Fadli juga mengkritisi Presiden Joko Widodo yang telah menandatangani Inpres Nomor 1 Tahun 2022 tentang Optimalisasi Pelaksanaan Program Jaminan Kesehatan Nasional pada 6 Januari 2022 kemarin.
Menurutnya, Inpres tersebut secara tidak langsung memaksa masyarakat agar menjadi peserta BPJS Kesehatan.

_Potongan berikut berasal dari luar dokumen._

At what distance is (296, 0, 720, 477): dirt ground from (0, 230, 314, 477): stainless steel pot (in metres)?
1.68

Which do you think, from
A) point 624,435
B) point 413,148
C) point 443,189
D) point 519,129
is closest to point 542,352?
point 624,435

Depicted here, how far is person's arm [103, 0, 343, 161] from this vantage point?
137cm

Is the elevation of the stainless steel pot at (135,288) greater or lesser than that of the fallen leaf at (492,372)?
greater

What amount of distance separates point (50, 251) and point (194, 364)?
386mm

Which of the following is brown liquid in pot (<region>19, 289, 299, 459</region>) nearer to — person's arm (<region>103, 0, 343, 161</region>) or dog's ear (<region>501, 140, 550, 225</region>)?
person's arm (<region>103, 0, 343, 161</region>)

Pasalnya, kata Fadli, untuk mengurus semua pelayanan publik kini harus menggunakan BPJS Kesehatan sebagai syarat.
Pelayanan publik yang saat ini menggunakan BPJS Kesehatan antara lain mengurus SIM, STNK, SKCK, izin usaha, jual-beli tanah dan apartemen, naik haji, umrah hingga mengurus keimigrasian.
"Inpres ini mensyaratkan bahwa kepesertaan BPJS Kesehatan menjadi syarat wajib dalam mengurus sejumlah pelayanan publik," katanya.
Fadli mencatat bahwa aturan BPJS Kesehatan juga seringkali berubah.
Dia menjelaskan bahwa pada Oktober 2019, Presiden Jokowi mengeluarkan Peraturan Presiden Nomor 75 Tahun 2019 yang mengatur kenaikan iuran BPJS Kesehatan.
Kemudian, pada April 2020, Perpres itu dinyatakan tidak berlaku lagi dan dikembalikan ke Peraturan Presiden lama yaitu Nomor 82 Tahun 2018 ihwal tarif awal.
"Lalu pada Mei 2020, Presiden kembali keluarkan Perpres Nomor 64 Tahun 2020 yang merevisi lagi iuran kenaikan BPJS," ujarnya.
Fadli menuding peraturan BPJS Kesehatan yang berubah-ubah tersebut adalah cara pemerintah untuk mengumpulkan dana publik.
"Jadi isu pokoknya bukanlah untuk melindungi dan menjamin hak masyarakat, tetapi negara sedang menjadikan rakyatnya sebagai sapi perah untuk menjaga keseimbangan moneter dan fiskal," tutur Fadli.